Lazio – AC Milan 3:2
Das „kleinere“ der beiden Serie-A-Topspiele vom Samstagabend konnte durchaus mit Spektakel aufwarten, obwohl es auch einige Leerlauf-Phasen gab. Nach der 3:0-Führung für die bessere Mannschaft hätte Milans Umstellung auf breites Flankenspiel fast für Kloses „schwedisches“ Déjà-vu gesorgt.
Wechselwirkung der Formationen
Die Hausherren begannen in der unter Neu-Trainer Vladimir Petkovic üblichen 4-1-4-1-Formation und ohne größere Überraschungen, wobei Stammtorhüter Marchetti sich beim Aufwärmen verletzte und von Bizarri ersetzt werden musste. Vor der aktuell – in Anbetracht der Verletzung Radus und der Streitigkeiten Diakites mit dem Vereinspräsidenten – gesetzten Viererkette mit den offensiven Außenverteidiger begann Ledesma auf der Sechs, während Hernanes als Spielmacher und Alvaro Gonzalez als beweglicher und defensivstarker Balancespieler die Achterpositionen besetzten. Ebenso wie die beiden nominellen Außenspieler Candreva und Mauri spielten die beiden Achter in Lazios 4-1-4-1-Mittelfeldpressing sehr mannorientiert gegen die Mailänder Außenverteidiger bzw. Halbspieler (Hernanes gegen Nocerino, González gegen Montolivo), während Klose Milans einzigen Sechser de Jong in seinem Deckungsschatten verschwinden ließ.
Dadurch kamen die Gäste, deren übliche 4-3-1-2-Rautenformation sich durch die Zwischenpositionen von Boateng und El Shaarawy zu einer 4-3-3-Anordnung verschieben konnte, im Spielaufbau aus der wenig spielstarken Innenverteidigung kaum ins Mittelfeld hinein, da alle Optionen zugestellt waren oder zu hoch standen.
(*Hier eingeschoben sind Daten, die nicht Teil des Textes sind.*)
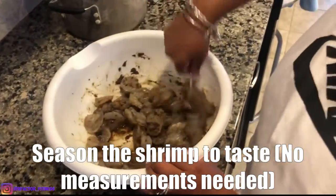It smells delicious. It does already. It actually smells real good.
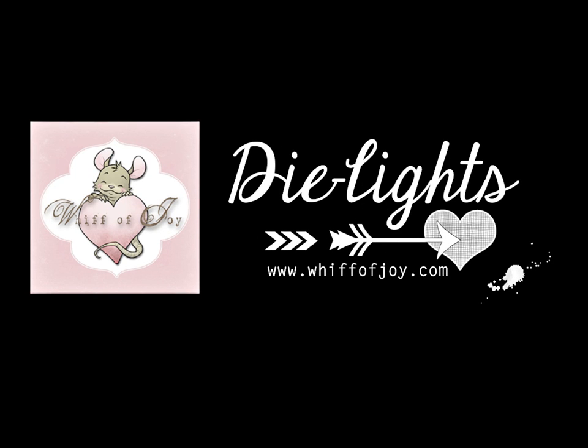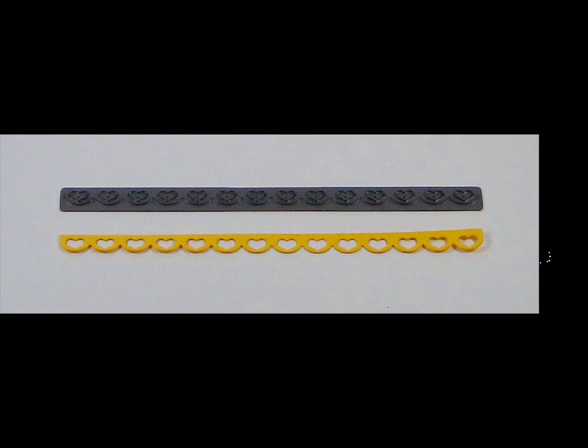Hi! Welcome to Whiff of Joy Stamps presentation of our die lights collection. I will be showing you today our Heart Lace Border Die Light.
Diese fehlenden Verbindungen sorgten für viel Querschiebe in der hintersten Reihe und oftmals auch für lange Bälle.
Solche gab es zu Spielbeginn allerdings auch von Lazio – nicht aus Ratlosigkeit, sondern durch den Druck, den die meist in einem 4-3-3-artigen Schema und mit starker Mannorientierung auf den Außenbahnen pressenden Gäste etwas überraschend ausübten. Im Verlauf der ersten Halbzeit erkannte Lazio dann jedoch mehr und mehr, dass zwar die Strukturen des Mailänder Pressings für enge und knifflige Situationen sorgen konnten, diese aufgrund der etwas halbherzigen Ausführung der Mailänder Offensivspieler aber durch riskante Pässe oder beherzte Dribblings leicht zerplatzten.
Milans defensive Probleme im Mittelfeldbereich offensichtlich gegen Lazios Kollektiv
Folglich gelang den Hausherren der Spielaufbau mit zunehmender Dauer immer besser. Nach dem Überspielen der ersten Pressing-Welle konnte Lazio dann gegen die sehr enge Mailänder Stellung in die geöffneten ballfernen Halbräume oder auf den ballfernen Flügel verlagern, wo insbesondere Lulic auf links viel Dampf machte. Weil außerdem die überspielten Offensivspieler Milans anschließend nicht mit zurückarbeiteten, sondern das Verteidigen weitgehend ihren sieben Teamkollegen überließen, gab es desweiteren Räume im Mittelfeld für Lazio. Exemplarische Beispiele dafür waren der Führungstreffer durch Hernanes, auch wenn die Situation ein Konter nach einer Standardsituation für Milan war, und vor allem das zweite Tor durch Candreva. Schon beim ursprünglichen Angriff über halblinks sah man die offenen Räume im Mittelfeld, welche auf halbrechts Candreva erneut viel zu große Freiheiten bescherten, nachdem Lazio mit besserem Gegenpressing das Leder nach einem Fehlpass zurückerobert hatte.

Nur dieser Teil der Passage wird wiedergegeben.